Sometimes due to life , career , job transfers ( where you can't take your whole family due to money issues ) ... A man has to live away from his wife . Also in jobs like army , merchant Navy ( here , you have to be away from home for 6 months ever year ) .
And I have seen that a wife can cheat on his husband even if he lives with her and sometimes a wife wont cheat with him even if he is away for an year .
But there are women who might cheat cuz they were feeling lonely and shit .
And this actually is a bit of a concern for me cuz I am creating a lifestyle where I would be traveling a lot in future ( and also planning to get married by 30 ) . I am 25 rn .
So , one thing I read in gc article is that she needs to believe in your cause .
That may work but I just don't know .
I want to know what I can incorporate things in myself that when I eventually get married and am traveling for year or 2 ... My wife doesn't go around fucking .
And thing is I have big goals in my life and I do not want to sacrifice them either for the sake of anyone .
That's a very good question and one I think about a lot - not just in terms of cheating but also in terms of a relationship breaking down or becoming weaker without my direct influence.
There is a trope in the red pill that I actually think very much applies here: the main thing that holds things together is that she has to
respect you.
The main reason I've come to this conclusion is that the girls I've had the best 'relationships' with post-breakup are girls who respected me a lot. Post breakup there's no reason to put up a facade - she can do whatever she wants, and as long as you have actually broken up it's pretty clear that she's not getting an actual committed relationship from you, nor (at least with me) any sex either.
But what I've found is that even when there's nothing holding you together, the respect she developed for you during the relationship still makes her want to prove herself and be validated by you, almost like a father figure. And the reason is that genuine respect creates a connection of identity between two people. And every person will do far more for the sake of their identity than they would for anyone else, or even for themselves - someone who identifies strongly with an idea will sacrifice a lot for that idea, even their own pleasure or satisfaction, and endure a lot of pain, if that idea is propping up the positive aspects of how they view themselves internally. And as a dominant figure in her life, according to the respect she has for you, you are to a greater or lesser extent an anchor for her identity.

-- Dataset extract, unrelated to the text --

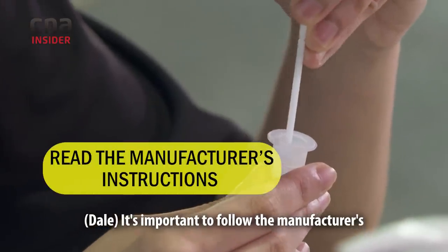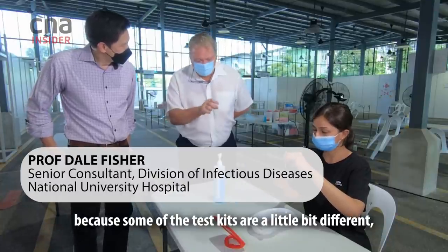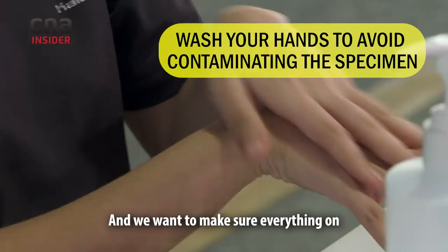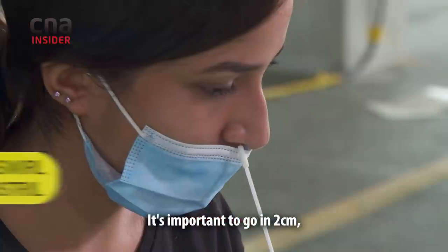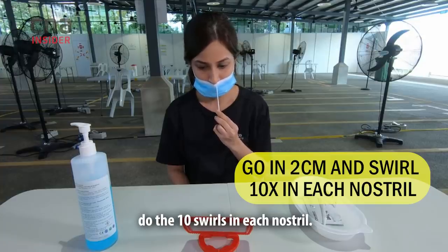It's important to follow the manufacturer's instructions because some test kits are a little bit different, but this is what we do for this one. The first thing she's doing is washing her hands — we want to make sure everything on the specimen is actually from her nose. It's important to go in two centimetres and do 10 swirls in each nostril.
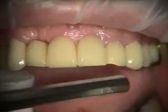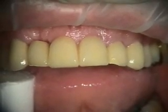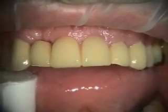This bridge will end up being a bridge from 7 to 9, and then individual crowns on 6, 10, and 11. We're going to be using this pneumatic bridge remover.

It's important to distinguish real respect from behavioral respect - people might easily fall into the habit of behaving with respect around people they fear or are forced to submit to, but doesn't actually hold when the threat is not there, and a person in this position is very susceptible to outside influences and opportunities to escape. In these cases the respect is at the behavioral level, and goes to no actual depth into that person's identity.
Real respect occurs when you are a dominant figure in someone's life AND you give them a framework in which they can develop and grow and succeed in a way that they find very satisfying. In my relationships, the main things I've found to be useful are:
- Have a lot of conviction in yourself, your principles and beliefs, and be able to explain your position on things very convincingly in terms of things that she understands and values. This positions you as a positive authority figure who speaks her language.

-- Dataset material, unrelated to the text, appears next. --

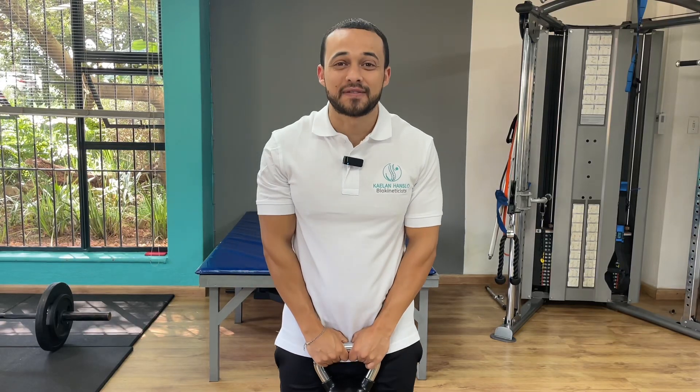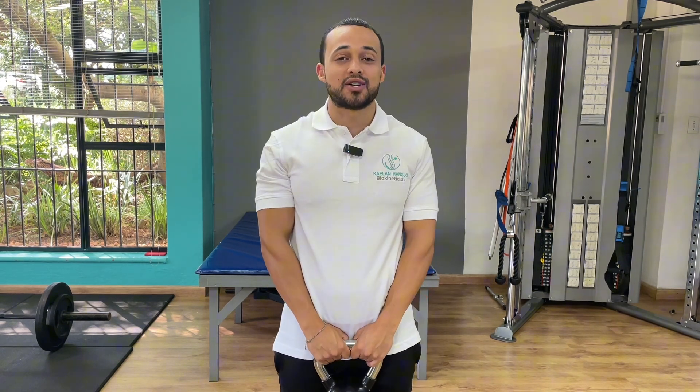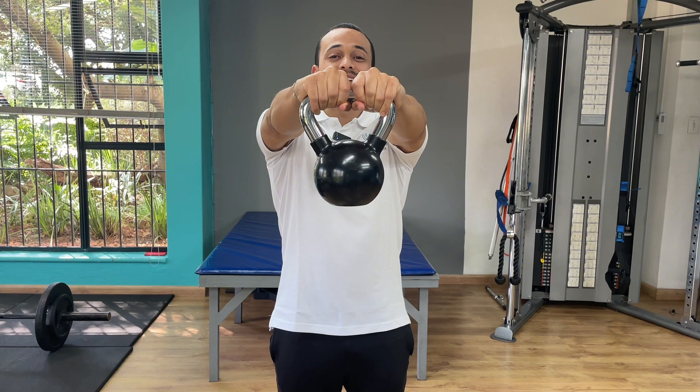If you have pain while deadlifting, do this simple test to figure out if you're able to activate your core or create core stabilization. Grab a weight and bring your arms in front of you — if this reproduces your pain, it might mean that you have poor core stability. I'm going to give you three exercises to help create that core stability, and then I want you to retest and do your deadlift.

- Create lots of opportunities to reinforce your worldview in her mind with both words and actions.
- Never violate your own principles in front of her, no matter what is at stake.

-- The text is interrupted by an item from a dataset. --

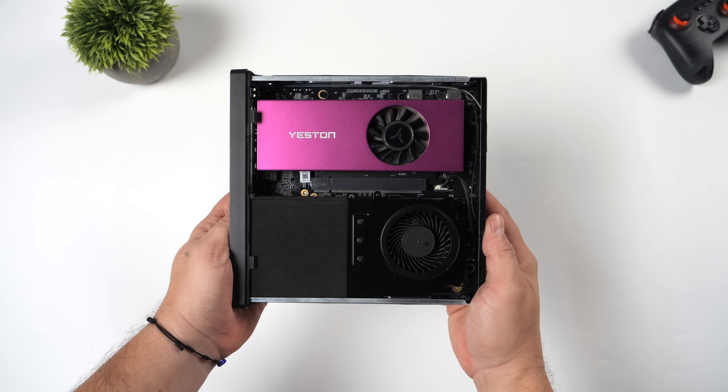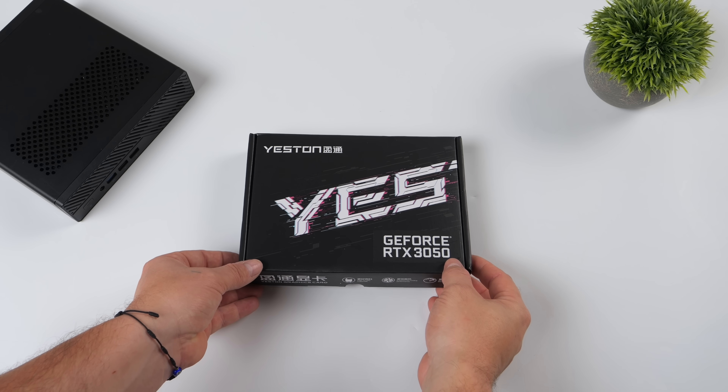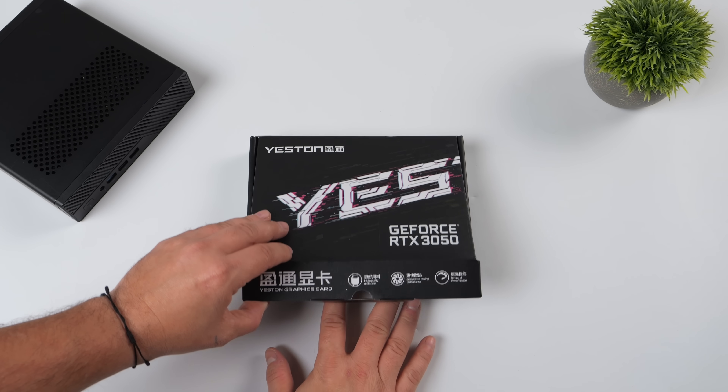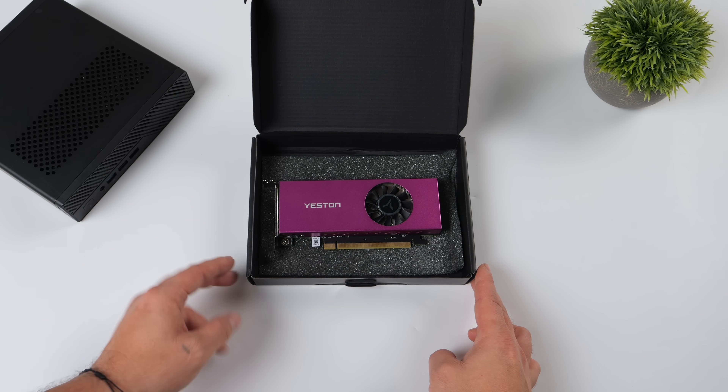What's going on everybody, it's ETA Prime back here again. Today we're going to be taking a look at one of the best low-profile single-slot GPUs that you can pick up right now for your small form factor build. And when I say best, I'm talking about price, performance, and availability.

- Find out the things she really values in terms of who she wants to be and the goals she wants to accomplish, and propel her toward them with encouragement and positivity.
When you do this well, and she has submitted to your position in her life, and you're topping it off by fucking her well and giving her the affection she needs, she internalizes your frame deeply into her identity, and like the sun shining down it makes her feel very happy and secure, and every violation of it brings the pain of violating her own identity.
In this situation, especially if you've set the clear precedent that you won't put up with any bullshit or the sun will be turned off, she really suffers at even the thought of cheating or breaking your trust, and she does not make herself open to outside influences such as advances by other men, lest they find a way to manipulate her into destroying her own wonderful world.
This makes it actually very easy to know when the relationship in danger, because she becomes difficult to influence, opposes you on small things, avoids situations where she has to trust you, does not seek approval or validation from you, and so on. When these things happen you know that she is only a few steps away from going and orbiting around someone else's frame. And it's easy to spot, because it is such a stark contrast to how she behaves when she fully trusts and submits to you.
The problem is that many men have such a messed up idea of how to run a relationship that their relationships never move out of life support, and they begin tolerating and ignoring bad behavior and signals of lack of respect or trust very early on, starting even before they make a girl their girlfriend much less get married. Because they don't recognize what a good relationship looks like, they blindly advance one that is already devoid of respect forward to its inevitable doom. This is partly their own stupidity and partly because of what society normalizes in terms of how you should expect a relationship to operate.
That's about as simply as I can explain my experience and point of view on this. Becoming a person worthy of respect - a great leader and teacher and influencer of people - is not a simple or straightforward thing, and it's something I work on all the time and I think every man should make a priority in his development.
But if you do manage to gain and maintain her respect, I think there's the best possible chance that even when you're not there, she will continue to behave as if you were.